### Exercise details
Pictures excluded, set down exactly the lines from the one containing "88 Warwick Rd 1, Newton MA 02465" through the final line of the material, and only those.

### Material shown
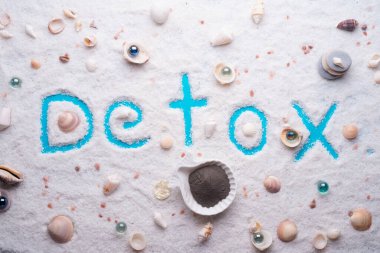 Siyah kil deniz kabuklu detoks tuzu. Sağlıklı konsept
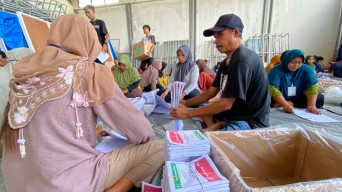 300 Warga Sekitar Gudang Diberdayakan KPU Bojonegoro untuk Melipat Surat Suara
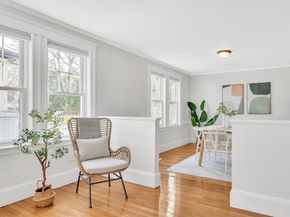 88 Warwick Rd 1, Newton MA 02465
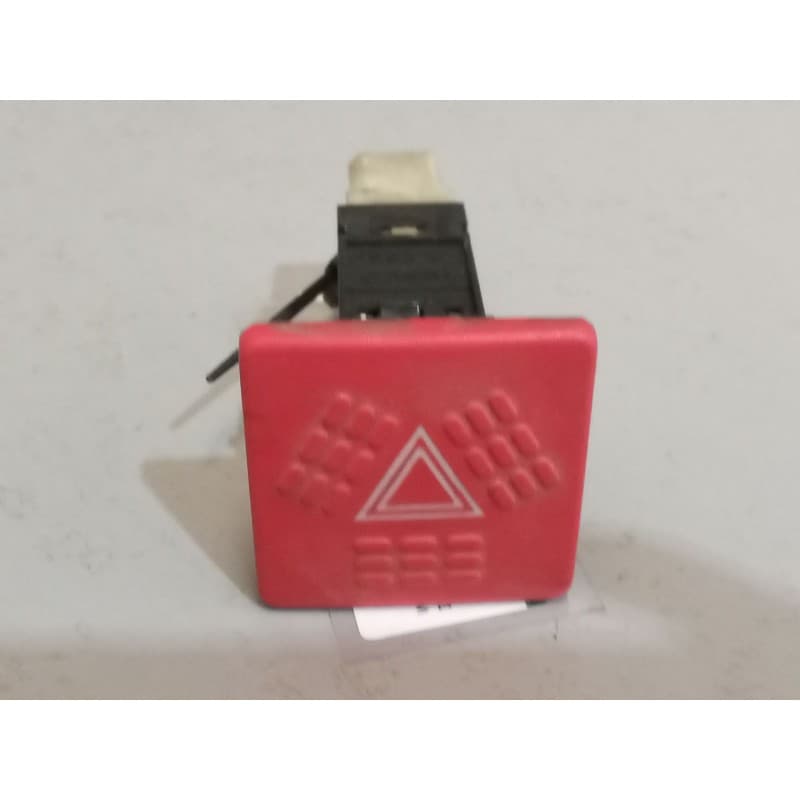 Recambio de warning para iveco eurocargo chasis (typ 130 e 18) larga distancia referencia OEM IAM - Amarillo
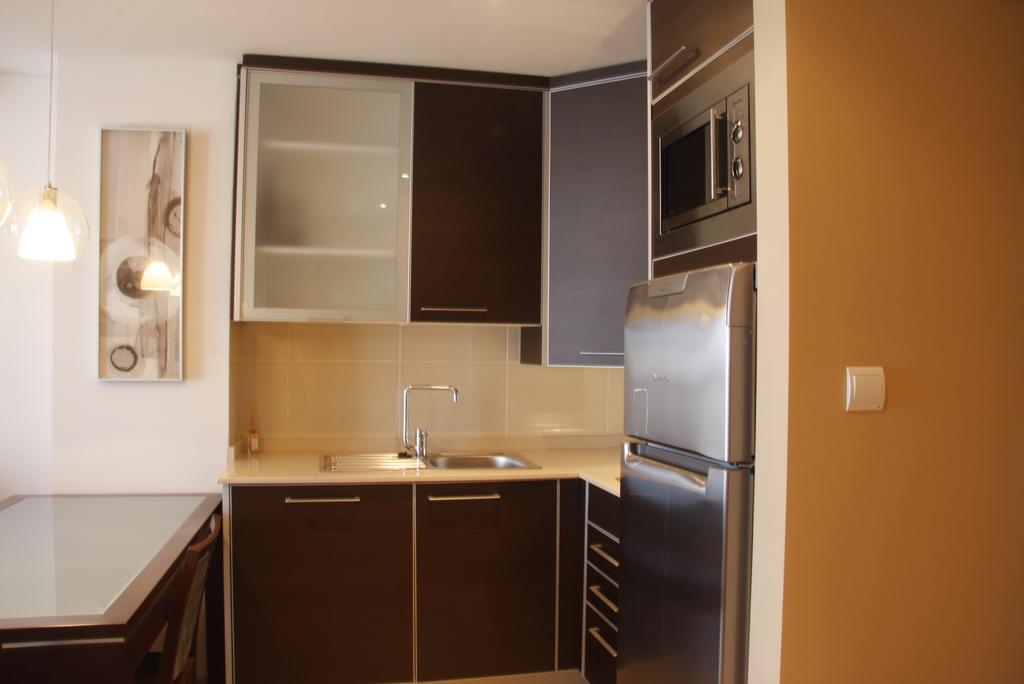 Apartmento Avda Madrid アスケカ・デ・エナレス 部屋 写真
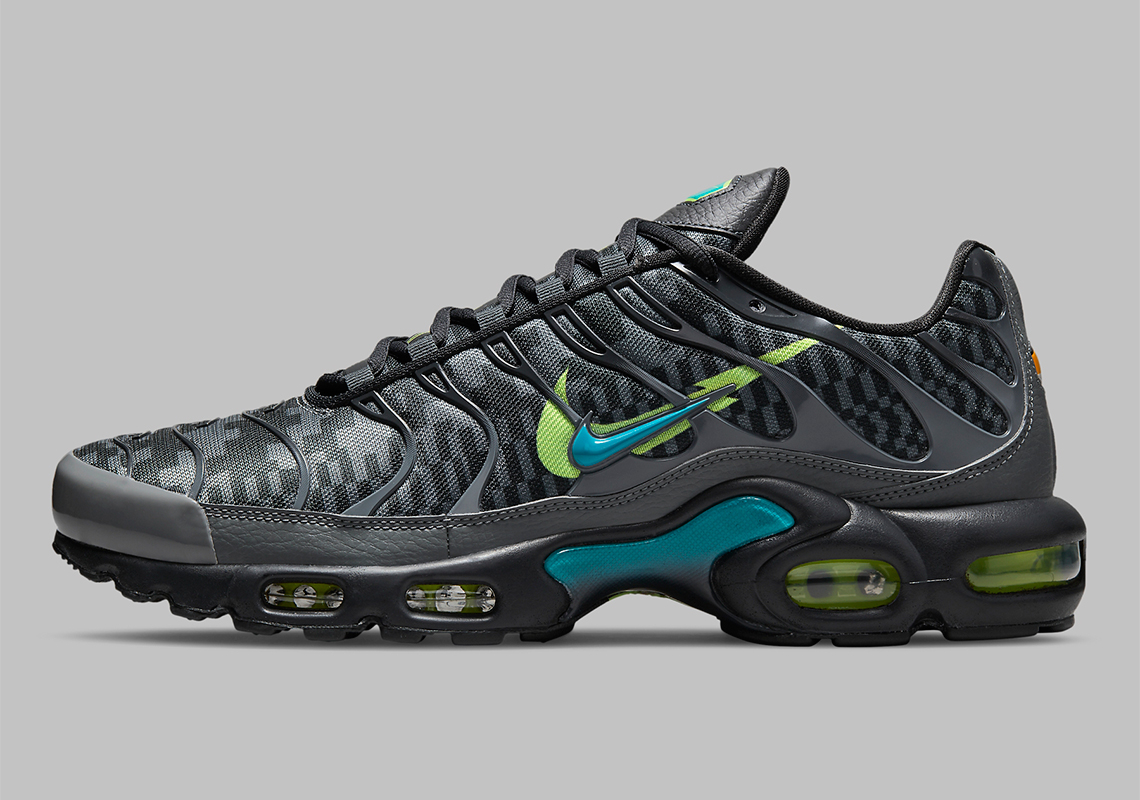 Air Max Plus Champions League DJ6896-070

### Response
 88 Warwick Rd 1, Newton MA 02465
 Recambio de warning para iveco eurocargo chasis (typ 130 e 18) larga distancia referencia OEM IAM - Amarillo
 Apartmento Avda Madrid アスケカ・デ・エナレス 部屋 写真
 Air Max Plus Champions League DJ6896-070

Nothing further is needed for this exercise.